# Worksheet 05

Name:  Zuizz Saeed, Jeremy Bui, Rithvik Nakirikanti
UID: U08731461

### Topics

- Cost Functions
- Kmeans

### Cost Function

Solving Data Science problems often starts by defining a metric with which to evaluate solutions were you able to find some. This metric is called a cost function. Data Science then backtracks and tries to find a process / algorithm to find solutions that can optimize for that cost function.

For example suppose you are asked to cluster three points A, B, C into two non-empty clusters. If someone gave you the solution `{A, B}, {C}`, how would you evaluate that this is a good solution?

Notice that because the clusters need to be non-empty and all points must be assigned to a cluster, it must be that two of the three points will be together in one cluster and the third will be alone in the other cluster.

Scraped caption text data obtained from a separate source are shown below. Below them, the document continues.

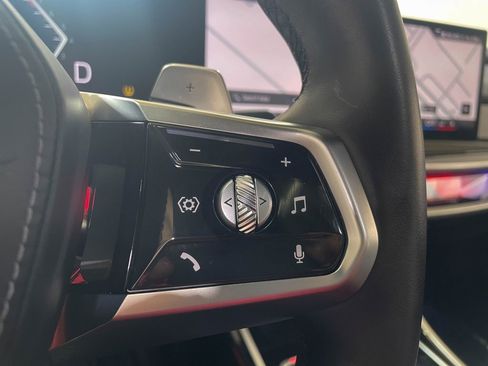 Used 2025 BMW 740i xDrive image 33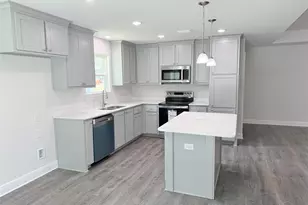 9708 Angel Oak Dr, Pensacola, FL 32526 - Photo 4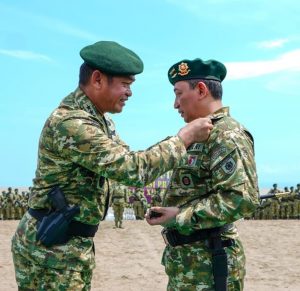 Dikukuhkan Warga Kehormatan Kostrad, Kapolri : TNI-Polri Terus Bersinergi Jaga Wibawa Negara dan Rakyat Indonesia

In the above solution, if A and B are closer than A and C, and B and C, then this is a good solution. The smaller the distance between the two points in the same cluster (here A and B), the better the solution. So we can define our cost function to be that distance (between A and B here)!

The algorithm / process would involve clustering together the two closest points and put the third in its own cluster. This process optimizes for that cost function because no other pair of points could have a lower distance (although it could equal it).

### K means

a) (1-dimensional clustering) Walk through Lloyd's algorithm step by step on the following dataset:

`[0, .5, 1.5, 2, 6, 6.5, 7]` (note: each of these are 1-dimensional data points)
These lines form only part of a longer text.